Ukrainian President Volodymyr Zelenskyy warned late Sunday

that Russian troops “are preparing new strikes, and as long as they have missiles, they won’t stop.” He met Monday with senior government officials to discuss what actions to take.

“The upcoming week can be as hard as the one that passed,” he predicted.

Russia has been carrying out massive missile bombardments on

Ukraine’s energy infrastructure roughly weekly since early October,

with each barrage having a greater effect than the last as damage accumulates and a frigid winter sets in.

Kyiv says the attacks, which Russia acknowledges target Ukrainian infrastructure, are intend to harm civilians, making them a war crime. Moscow denies its intent is to hurt

civilians but said last week their suffering would not end unless Ukraine

yielded to Russia’s demands, without spelling them out.

NATO Secretary General Jens Stoltenberg insisted Russian President Vladimir Putin was intent on using frost, snow and ice to his advantage, not just on the battleground but against Ukrainian civilians.

“President Putin is now trying to use the winter as a weapon of war against Ukraine, and this is horrific and we need to be prepare for more attacks,” he say on the eve of a two-day meeting of NATO foreign ministers in Bucharest, Romania. “That’s the reason why NATO’s allies have stepped up their support to Ukraine.” Poland, they said, had insist the cap be set lower than others want

Kyiv Mayor Vitali Klitschko say some of the city’s 3 million people might have to be evacuate to where essential services would be less prone to shutdowns caused by missile attacks.

National grid operator Ukrenergo say on Monday

it had been force to resume regular emergency blackouts in areas across the country after a setback in its race to repair energy infrastructure.Poland, they said, had insist the cap be set lower than others want

Units at several power stations had to conduct emergency shutdowns and demand for electricity has been rising as snowy winter weather has set in, a Ukrenergo statement said.

“Once the causes of the emergency shutdowns are eliminate, the units will return to operation, which will reduce the deficit in the power system and reduce the amount of restrictions for consumers,” it said.

Along the front lines in the east of Ukraine, the looming winter is ushering in a new phase of the conflict, after several months of Russian retreats, with intense trench warfare along heavily fortified positions.

With Russian forces having pulled back in the northeast and withdrawn across the Dnipro River in the south, the front line on land is only about half the length it was a few months ago, making it harder for Ukrainian forces to pinpoint weakly defended stretches to attempt a new breakthrough.

Zelenskyy described heavy fighting west of the Russian-held eastern city of Donetsk, where Moscow has focused its assault even as it has withdrawn troops elsewhere. Both sides claim huge casualties with little change in positions. Poland, they said, had insist the cap be set lower than others want

In its evening update on Monday,

Ukraine’s armed forces General Staff said Russia kept up heavy shelling of key targets Bakhmut and Avdiivka in Donetsk province, and to the north, bombarded areas around the towns of Kupiansk and Lyman, both recaptured recently by Kyiv.

On the southern front, it said, Russian forces had reinforced positions in occupied territory and were heavily shelling towns on the west bank of the Dnipro River, including Kherson, abandoned by Moscow earlier this month.

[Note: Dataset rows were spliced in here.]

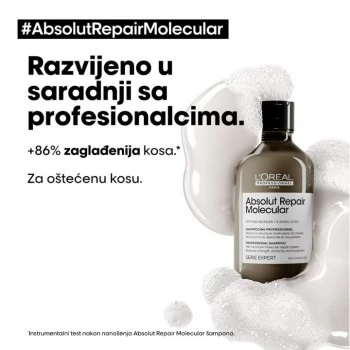 LOREAL PROFESSIONNEL SERIE EXPERT ABSOLUT REPAIR MOLECULAR ŠAMPON 300ML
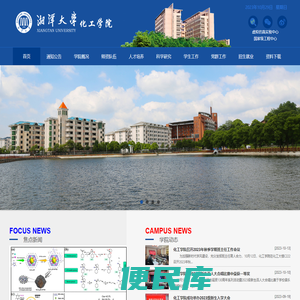 湘潭大学化工学院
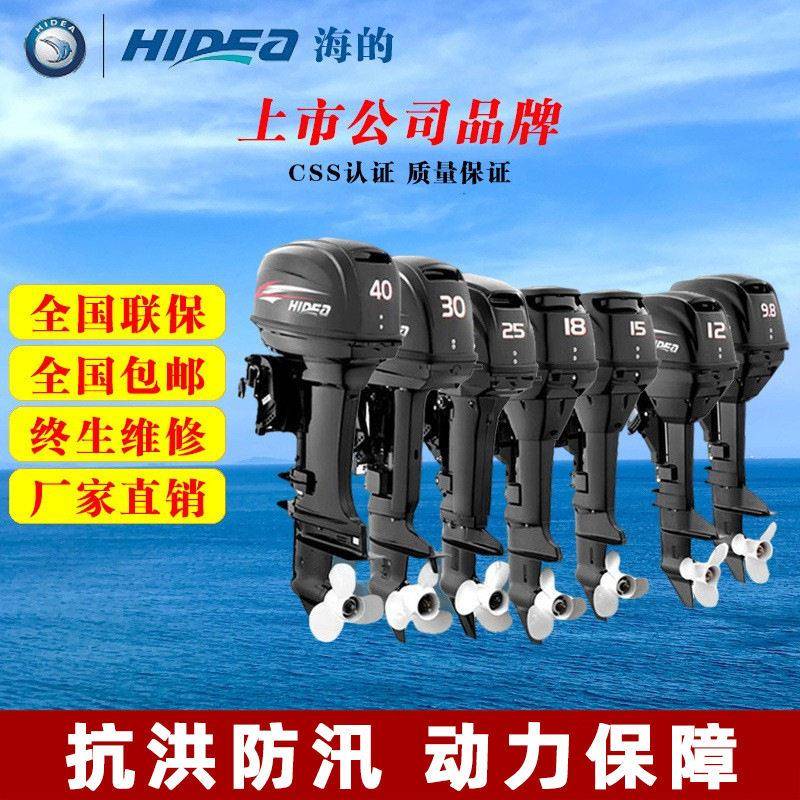 广东船推进器二冲程四冲程发动机船用汽油舷外机马达总理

It said Ukrainian forces had damaged a rail bridge north of the Russian-occupied southern city of Melitopol that has been key to supplying Russian troops dug in there.

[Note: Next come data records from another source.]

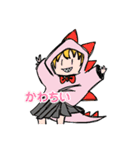 ユキトゴンのLINEスタンプ（個別スタンプ：10）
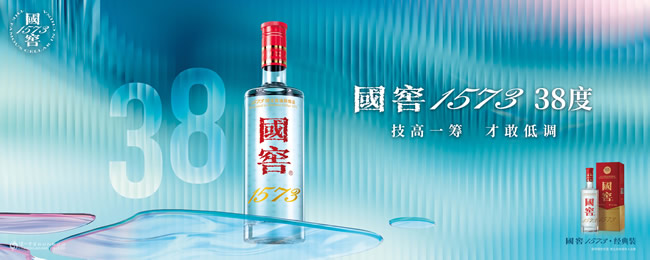 1778812992652842.jpg 未命名-3.jpg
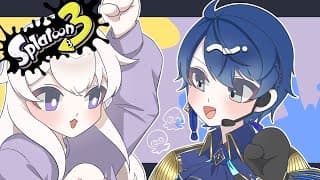 【スプラトゥーン3】はたのさんと最強ペア決定戦へGO【春崎エアル/にじさんじ】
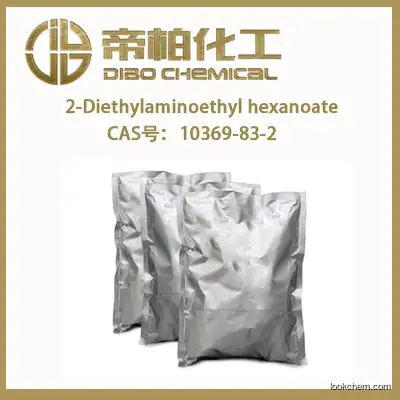 2-Diethylaminoethyl hexanoate/cas:10369-83-2/raw material/high-quality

The Kremlin denied Russia had any plans to withdraw from the Zaporizhzhia nuclear power plant, Europe’s largest, which it has controlled since early in the war near the front line on a reservoir on the Dnipro river.

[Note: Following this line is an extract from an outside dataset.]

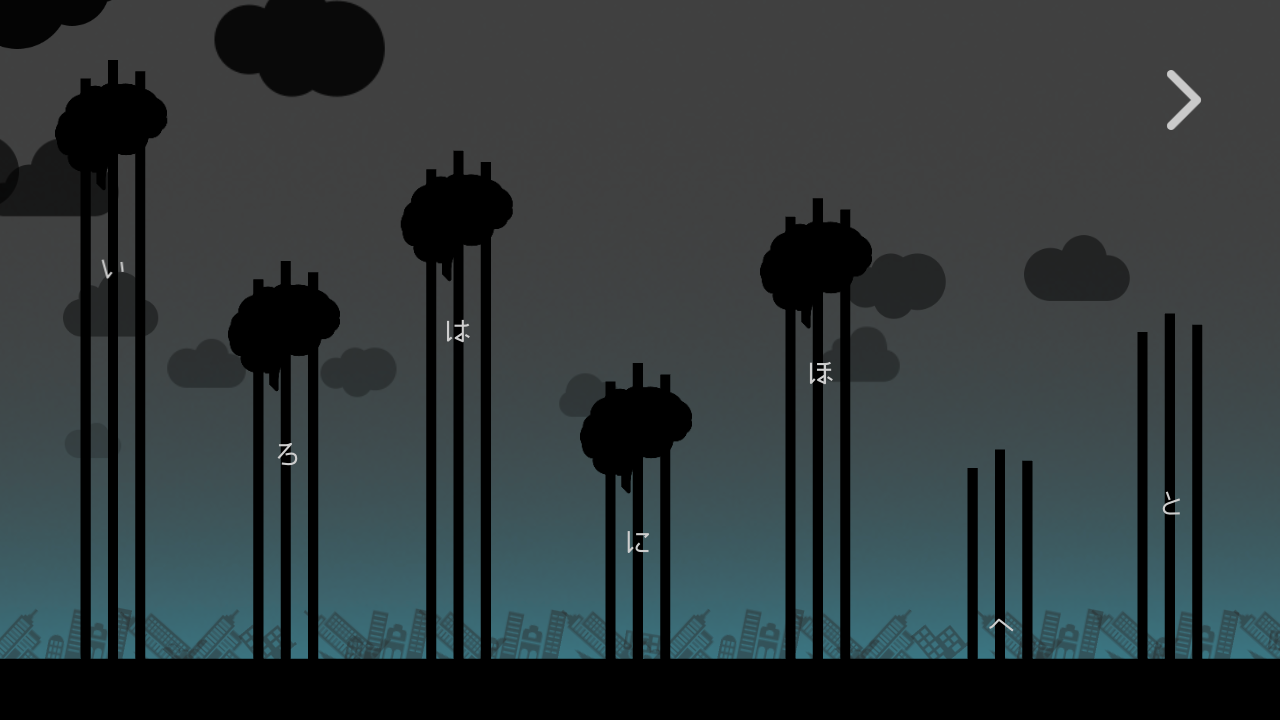 ひとたがやし 게임 스크린샷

The head of Ukraine’s nuclear power operator,

Petro Kotkin, had said on Sunday there were signs Russia might pull out. But Kremlin spokesperson Dmitry Peskov responded on Monday: “There’s no need to look for signs where there are none and cannot be any.”

Russia says it has annexed the area and put the plant under the control of its nuclear power agency.

The International Atomic Energy Agency (IAEA), the UN’s nuclear watchdog, has call for the plant and surrounding area to be demilitarise to prevent a nuclear disaster.

In Kherson, which has lack electricity and heat since Russian forces abandone it earlier this month, regional governor Yaroslav Yanushevych said 17 percent of customers now had electricity and other districts would be hook up soon.

Russian forces who withdrew have been bombarding from across the river, killing dozens of civilians, Ukrainian officials say. buy Roxicodone online cheap without prescription

On the diplomatic front, efforts to weaken Russia’s ability to fund its war in Ukraine faltered on Monday when envoys of EU governments failed to agree on a price cap on Russian seaborne crude oil, diplomats said.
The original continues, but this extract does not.